We have a user whose password is stored as
A93BA. We can see that one of the things we've previously hashed (namely
9) corresponds to that output, so we know the password was
9. By the way, this is my favorite way of cracking password hashes: google them. Here's the MD5 hash of "password1":
7c6a180b36896a0a8c02787eeafb0e4c. Go ahead, google it.

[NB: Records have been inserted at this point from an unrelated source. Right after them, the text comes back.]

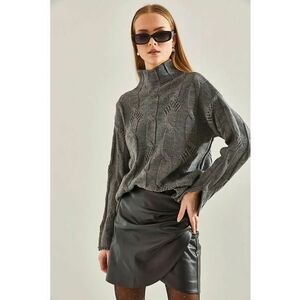 Pulover dama - texturat - guler inalt - gri - tricot - imagine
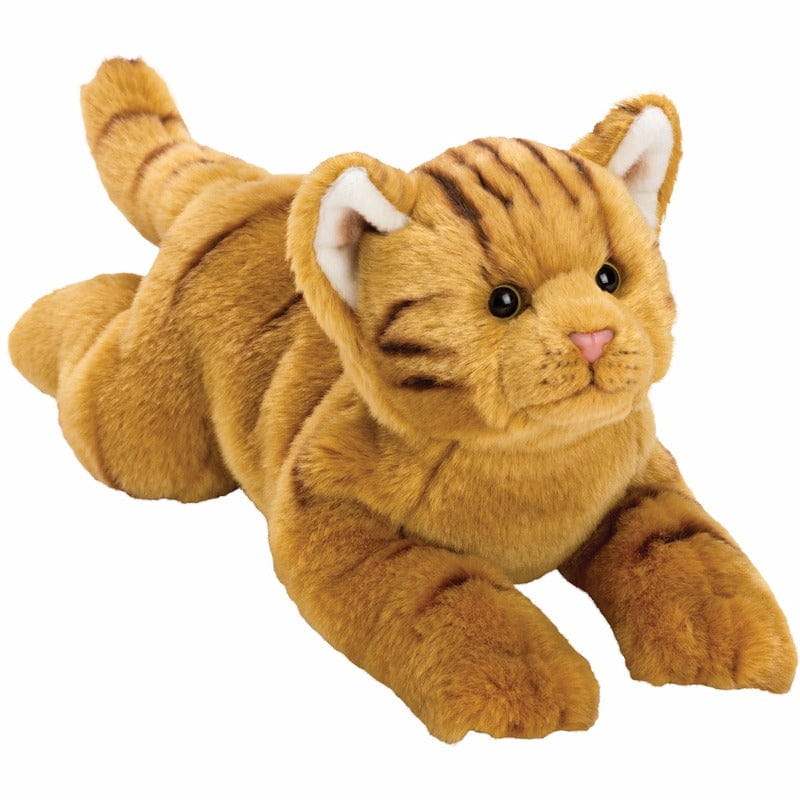 Pluche kat knuffel - rood - liggend - 33 cm - poes - Pluchen speelgoed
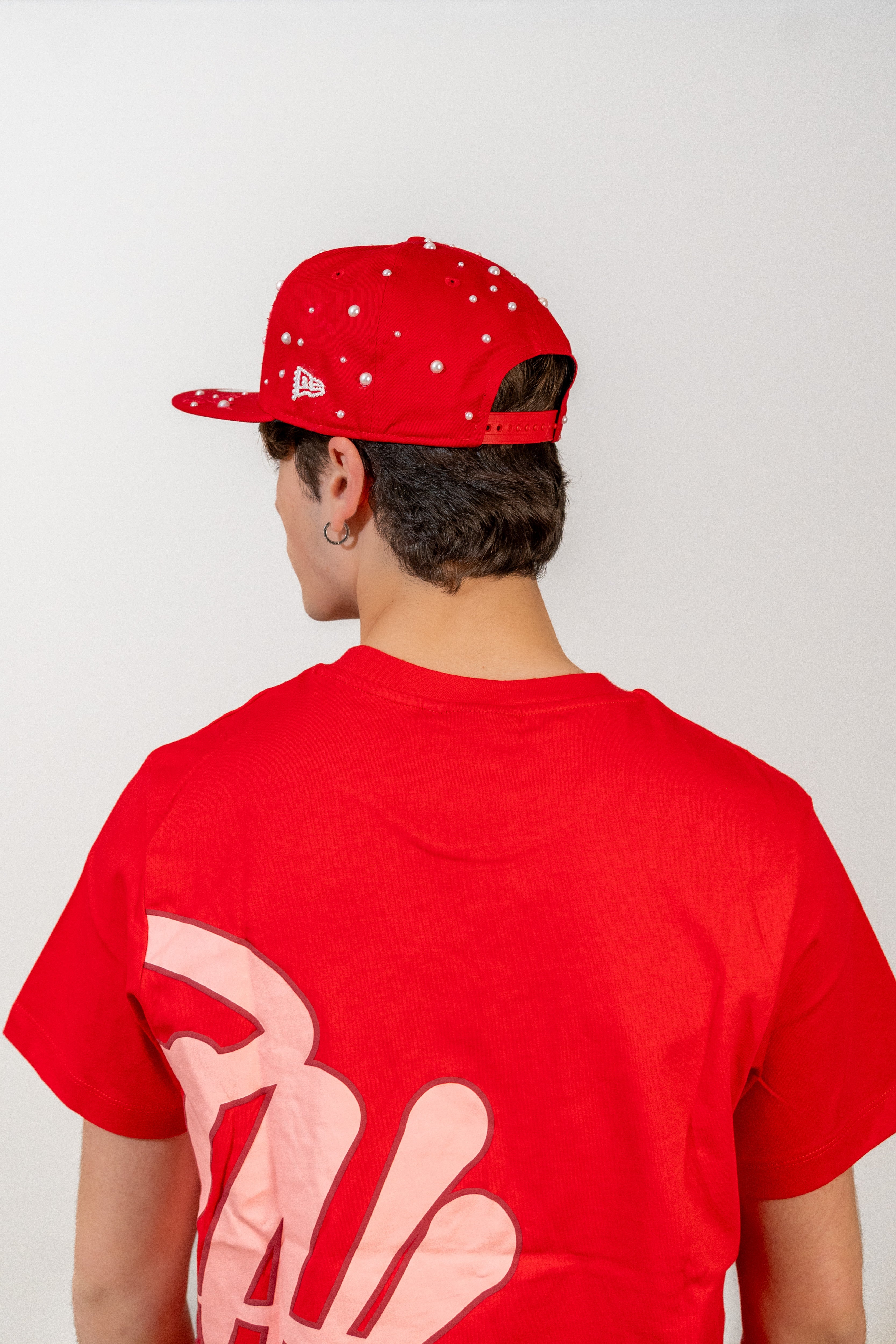 Snapback Cap Red New York Distressed Pearl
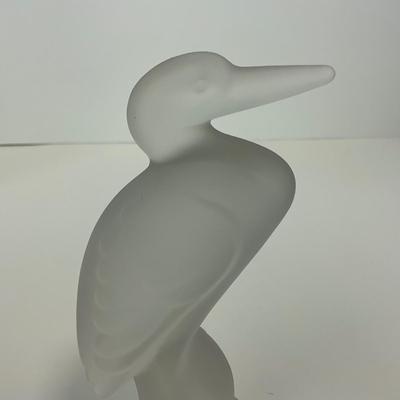-176- COLLECTIBLE | Frosted Clear Glass Crane Figure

So now we want to find the input for output
C7B7C, something we haven't previously found. How would you do it? Well, since the output is random and there is no correlation between any of the outputs when there is a correlation between the inputs, there is no way to do it. You just start with "a" and continue to "ZZZZZZZZ". At some point you'll find the correct input (the user's password), and the output will be
You can do this more smartly, instead of using "a" through "ZZZZZ", you can use a dictionary. Or a dictionary plus a number (
password1 is a dictionary word plus one digit). Or something even more sophisticated (professionals do this) to predict what passwords might be chosen. You can even look at previously cracked passwords to see what common passwords are, then use that in your prediction model. But basically, if your password was randomly chosen (not something that can be predicted), then your hash will be completely safe.
Note: Actually, in our case, you can easily find an input for any given output, and it may not be the original input. Because our output is only 20 bits, we can just search the numbers 1 through 1048576 (2^20), and one of them will work. However this is just a fictive example; modern hashing algorithms usually output 128 bits or more (32 hexadecimal bytes). I used 20 bits instead because it makes the answer much easier to read.
I think the above explanation should answer your questions.
1) how do they get passwords from the hashes
By running the hashing algorithm on lots of inputs, and each time checking whether the output is equal to the output that they are looking for. They may optimize the way they look through outputs (calculate a bunch, then compare each hashed password in the database, or use a dictionary, etc.), but they can never "easily" crack them all if you had a strong password.
2) If they reverse one hash, does that mean they can easily reverse all the hashes
No, not if you have a good hashing algorithm. There is no correlation between outputs, even when there is a correlation between inputs (such as repeating characters or incrementing input). This is called the avalanche effect (wikipedia)
Examples of broken algorithms: Windows' LM hashes, MD4, and most things people made at home. Examples of algorithms that are reasonably okay in most cases: MD5, SHA1, SHA2. Note that "SHA2" is actually a set of algorithms that work much the same: SHA-224, SHA-256, SHA-384 and SHA-512.
Warning: Don't just use SHA-512 or any other 'raw' hashing algorithm to store user passwords. There are things like user-specific salts, iteration count, possibly an initialization vector... just don't touch it. Instead, use one of these: http://security.stackexchange.com/a/1164/10863
Hope this helped! Actually this was all covered in the other question that is marked as "possible duplicate", but it's explained differently. Maybe this explanation works better for you, maybe not. Or maybe it works better for others that google this question. In any case, I hope this helped you understand!